- Opening Delimiter -

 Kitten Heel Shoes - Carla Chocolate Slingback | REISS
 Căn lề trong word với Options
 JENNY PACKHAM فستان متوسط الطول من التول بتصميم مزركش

- Closing Delimiter -
- Opening Delimiter -

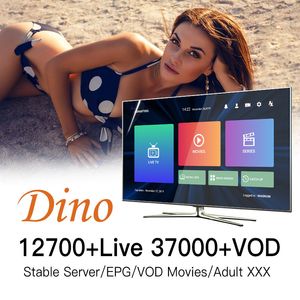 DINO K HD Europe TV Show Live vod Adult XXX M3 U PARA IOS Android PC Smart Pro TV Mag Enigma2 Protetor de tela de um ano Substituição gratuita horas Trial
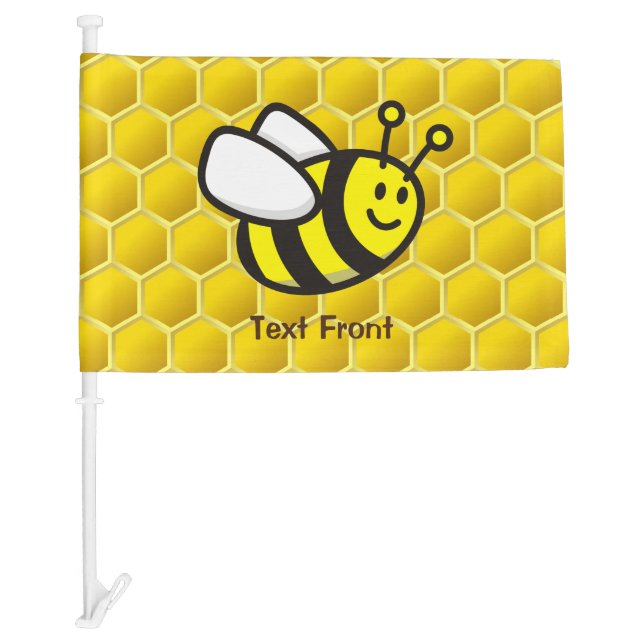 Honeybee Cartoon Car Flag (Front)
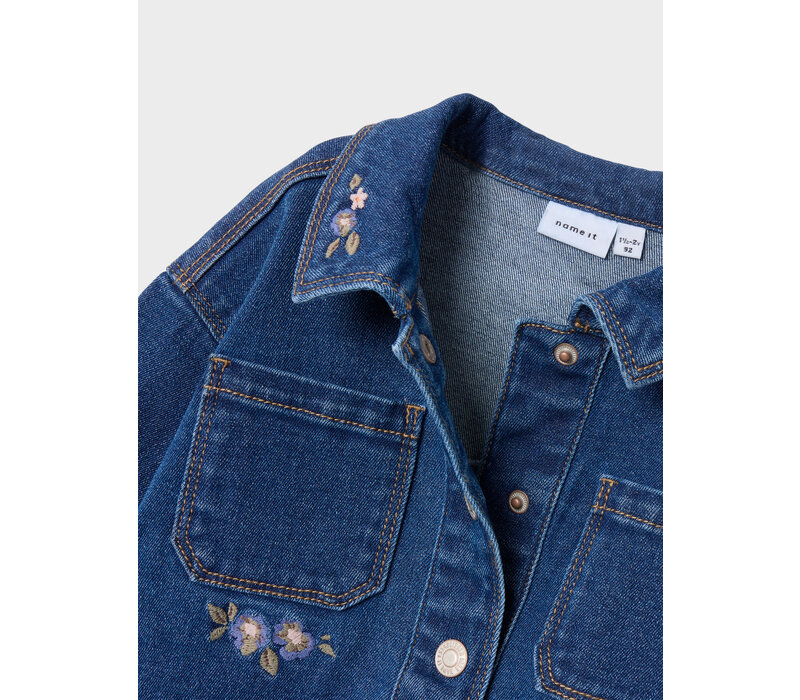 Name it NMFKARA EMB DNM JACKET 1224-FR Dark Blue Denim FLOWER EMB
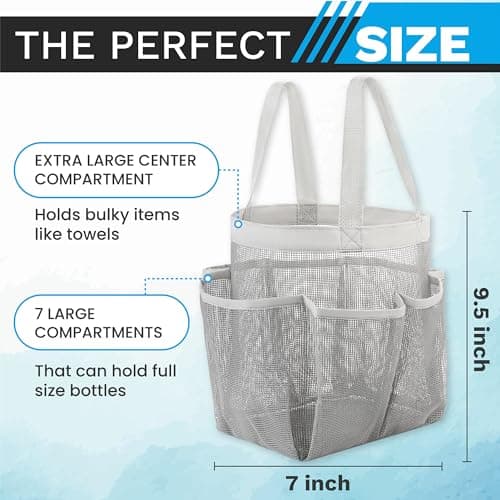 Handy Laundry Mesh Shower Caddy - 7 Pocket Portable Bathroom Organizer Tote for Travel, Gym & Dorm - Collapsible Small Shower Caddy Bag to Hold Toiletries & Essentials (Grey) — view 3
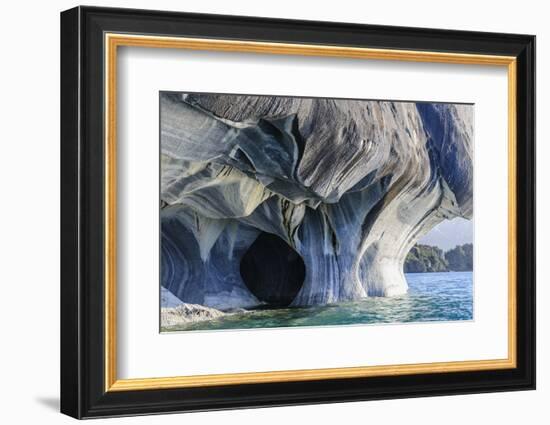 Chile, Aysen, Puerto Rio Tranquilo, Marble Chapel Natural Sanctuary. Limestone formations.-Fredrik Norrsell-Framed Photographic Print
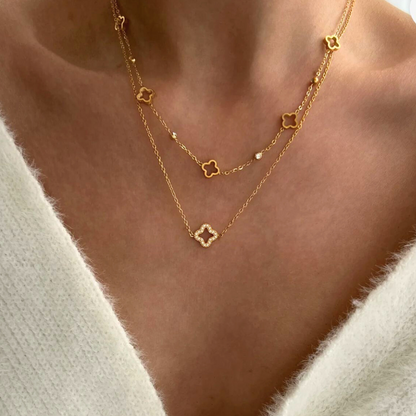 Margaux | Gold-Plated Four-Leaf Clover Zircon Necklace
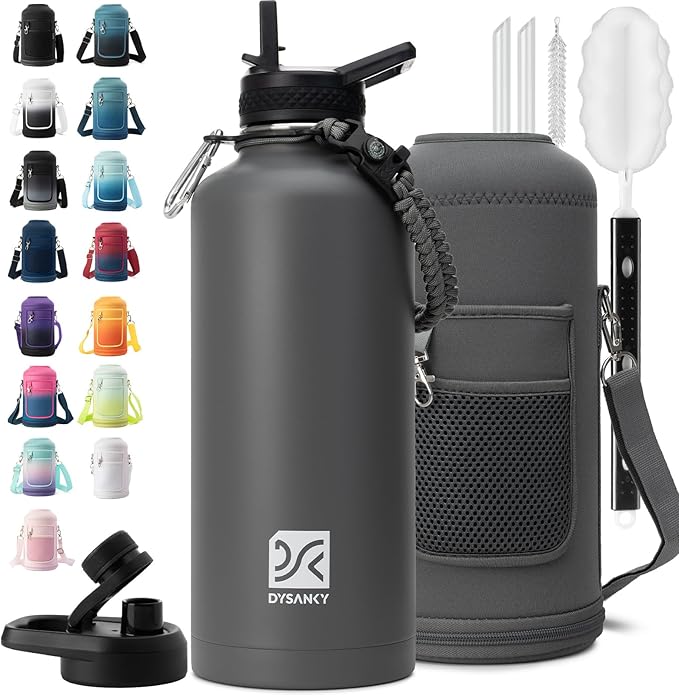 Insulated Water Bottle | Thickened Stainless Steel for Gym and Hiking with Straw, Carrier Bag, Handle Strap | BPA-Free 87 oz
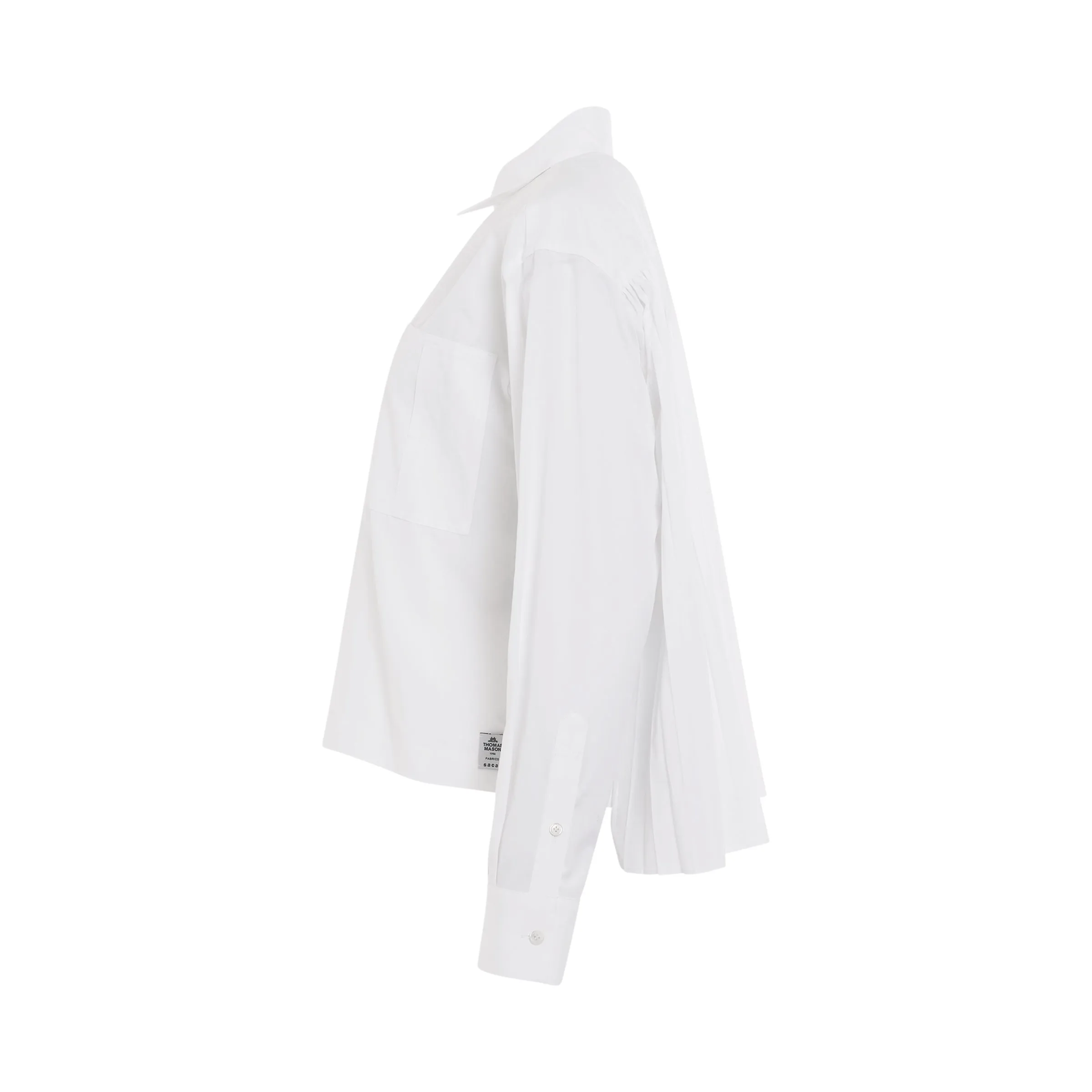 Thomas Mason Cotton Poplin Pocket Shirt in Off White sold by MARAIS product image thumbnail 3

- Closing Delimiter -

Please output, exactly as written, the lines above from the one holding "Margaux | Gold-Plated" through the one holding "Thomas Mason Cotton", both included, with the pictures omitted.

REPLY ::
 Margaux | Gold-Plated Four-Leaf Clover Zircon Necklace
 Insulated Water Bottle | Thickened Stainless Steel for Gym and Hiking with Straw, Carrier Bag, Handle Strap | BPA-Free 87 oz
 Thomas Mason Cotton Poplin Pocket Shirt in Off White sold by MARAIS product image thumbnail 3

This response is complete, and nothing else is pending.